Insider attacks are very dangerous for the same
reason. Although their risk can be reduced by using several
distinct "sub-mints" to sign the issued coins, this
would dramatically increase the costs for both the mint and for
the users (who now would have to contact online all "sub-mints"
to be sure that a coin has been signed by all).
Legend
Mint: the entity which creates digital coins.
Minting: the creation of new coins by the mint.
The creation is made by simply signing blinded coin cores.
Blinding: operation which allows a digital
signature to be applied on some data, without knowing the actual
data, but knowing only an "encrypted" form of the data.
After unblinding, the signature verifies as if the actual data
was signed.
Coin core: data which describes a digital coin.
This is to be blinded and signed by the mint.
Exchange / spend / payment: in exchange for some
given digital coins, the mint creates new coins whose total value
is the same as the total value of the given coins, minus the
minting fee.
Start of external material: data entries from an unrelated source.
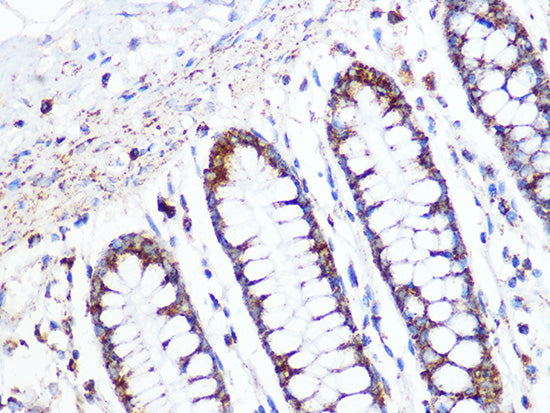 ACADM Rabbit mAb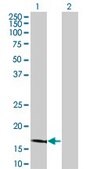 Monoclonal Anti-LCN1 antibody produced in mouse clone 1B11, purified immunoglobulin, buffered aqueous solution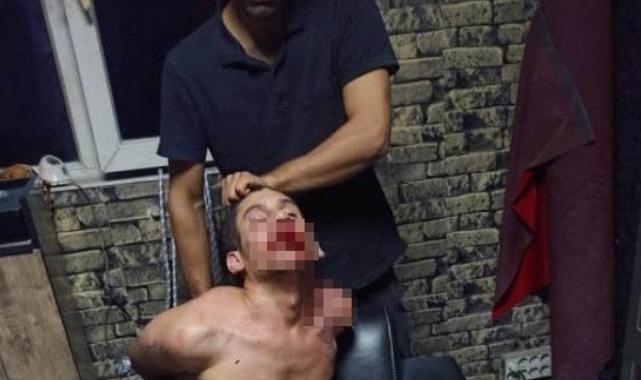 Şanlıurfalı gence akılalmaz işkence: Böcek yedirdiler, kerpetenle dişlerini söktüler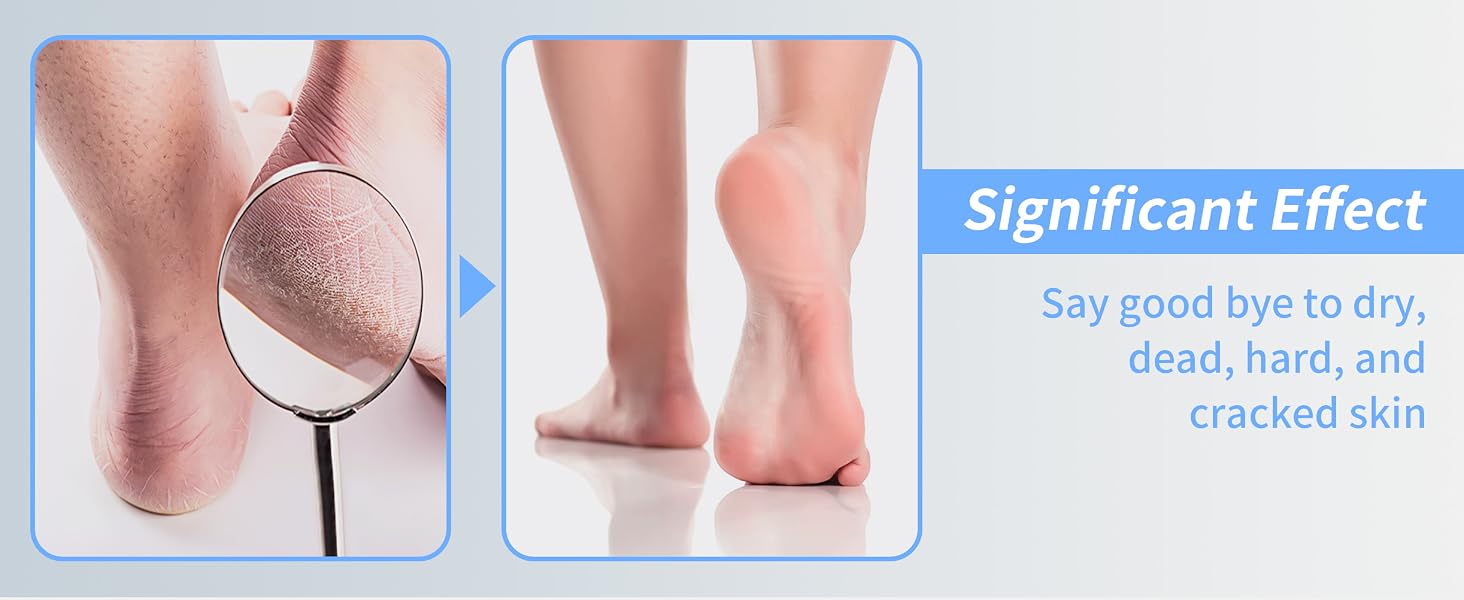 foot file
The given coins are marked as spent and can never be
spent again. The returned coins are split in two parts: the part
which is given to another entity as payment, and the remainder
part.
Description
There are all sort of ways to do digital
cash, but they all break trust at some point. Signing makes trust
hold in adverse environments.
This is a digital cash protocol which provides
anonymity.
The protocol assures that if any party involved
in a payment makes false claims, the real facts can be
cryptographically proven. The mint, the payer, the recipient,
none can lie about a payment and get away with it.
For example, the mint can't lie about a specific
coin to have been spent. This is because the coin has an owner,
and the mint may mark the coin as spent only if it has a signed
document from the coin owner, document which specifies that the
coin is to be exchanged into another coin (owned by someone
else). Basically, the mint can't deny redemption to anyone who
presents a digital coin signed by the mint.
The most important feature of the protocol is
that only the recipient of a payment knows the identifiable form
of the coins he will receive, and therefore is under no danger of
having his money frozen by the mint, at least not with a greater
chance than the mint randomly stating that any coin is frozen.
This means that any coin you own can "rust"
in your ewallet, and the mint would be unable to ever freeze it
or to identify you by examining it when you spend it.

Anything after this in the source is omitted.